Eda Yılmayan, gazetepencere.com, 27 Nisan 2025
Söyleyiniz bana yazmakta devam edeyim mi? Yazılarım bir gün okunmaya değer şeyler olabilecek mi? Ne kadar korkuyorum bilemezsiniz. Romanlarımı takip eden karilerden birçok, birçok mektuplar aldığım, onlardan çok sevgi ve alaka gördüğüm halde; memlekette eli kalem tutan adamlardan bir tanesinin benim için teşvik veya tenkit sözü yazmamaları benim cesaretimi öyle kırıyor ki… Halbuki bugün memlekette tercüme ve adapteden başka eser yok gibi… (…) Vaziyet böyle iken, yazıları acemice ve fena olsa bile kendi ruhundan ve kendi kaleminden akıtan yeni bir romancı etrafından teşvik görmemeli mi? (…)

Yukarıdaki satırlar Muazzez Tahsin’e ait. Tahsin 26 Ekim 1937 tarihinde Halide Edib’e bu mektubu gönderir. Halide Edib’le Beyrut’ta öğretmenlik yaptığı yıllarda tanışır. Erkek egemen edebiyat kamusundan mustariptir ve kendi hem cinsinden destek bekler.

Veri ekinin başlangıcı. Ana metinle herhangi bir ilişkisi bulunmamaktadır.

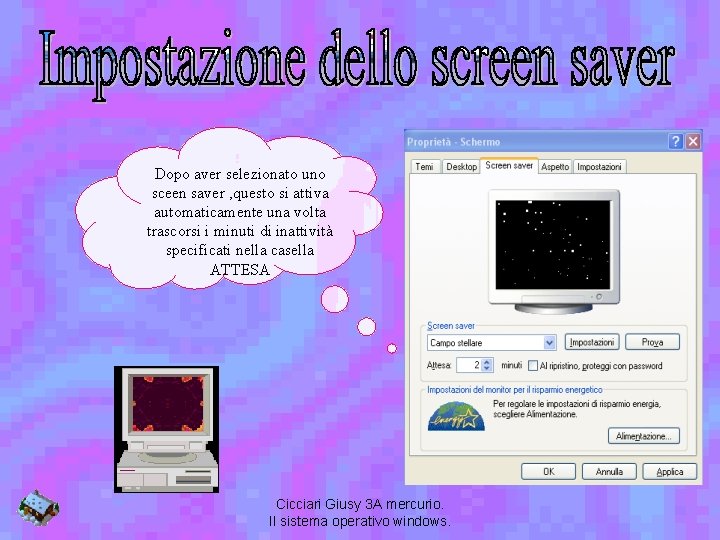 Dopo aver selezionato uno sceen saver , questo si attiva automaticamente una volta trascorsi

Bundan 33 yıl sonra 1970’de Yeni Gazete’de Peride Celal’in bir söyleşisi yayımlanır. Celal kadın olarak yazmanın güçlüklerini şöyle anlatır:

“Kadın yazar olmak şöyle bir şeydi: Yazı işleri müdürünün odasına girersiniz. Kadın olduğunuz için gözler tümüyle sizdedir. Projektör gibi üzerinize yapışır her bir göz. Onun için ben hikâyemi bırakıp bir an önce kaçmaktan başka bir şey düşünmezdim. Yazınızın yerine sizinle ilgilenmeye başlamaları beni müthiş deli ederdi. Yüzlerine bakmazdım.”

Şimdi de Zabel Yaseyan’ın sözlerine kulak verelim.

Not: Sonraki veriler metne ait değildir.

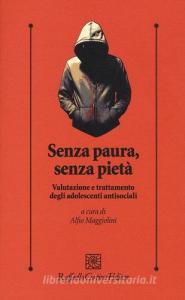 Senza paura, senza pietà. Valutazione e trattamento degli adolescenti antisociali.pdf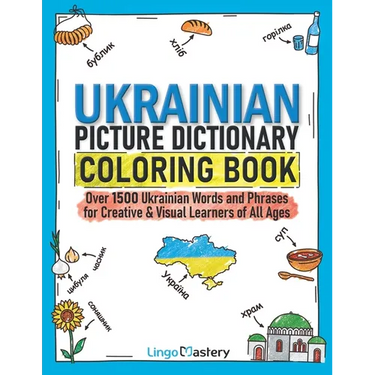 Ukrainian Picture Dictionary Coloring Book: Over 1500 Ukrainian Words and Phrases for Creative & Visual Learners of All Ages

“Bayan Düsap edebiyat dünyasına atılmaya aday olduğumu duyduğunda, bu yolda kadınları defne yaprakları taçlardan çok dikenlerin beklediği konusunda beni uyardı. Bizim gerçekliğimizde, bir kadının ortaya çıkıp kendine bir yer edinmek istemesine tahammül edilmediğini, bunu aşabilmek için, vasatın çok üzerine çıkmak gerektiğini söyledi ve ekledi: Bir erkek vasat bir yazar olabilir, ama bir kadın asla.” (Silahtar’ın Bahçeleri, 1935)

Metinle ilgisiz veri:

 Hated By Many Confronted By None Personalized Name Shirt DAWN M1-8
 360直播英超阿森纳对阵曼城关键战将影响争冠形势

Bir başka örnek; Güzide Sabri. Kocasından gizli gizli yazar. Eşi Güzide Sabri adının duyulmasını istemez. Müstear (takma) adlarla yazsa da Güzide Sabri’nin yazdıkları okurlara ulaşır.

Gazeteci Hikmet Münir, Güzide Sabri’nin yazarlık serüvenini şöyle aktarıyor: Nihayet bir yolu bulunarak eser yazılıyor. El altından tab’ilere gönderiliyor. Eserin basıldığı haberi şayi oluyor. Kadıncağız kitabı görmüyor. Kitabı görse de okuyanları görmüyor. O bir gün kafesli bir pencerenin ve perdelerin ardında mahpus otururken, “Senin romanın herkesin elinde” diye müjdeliyorlar. Seviniyor. … Beyazıt kahvesinde bütün gençlerin ellerinde senin kitabın… Vapurlarda, gazinolarda da öyle… (1938)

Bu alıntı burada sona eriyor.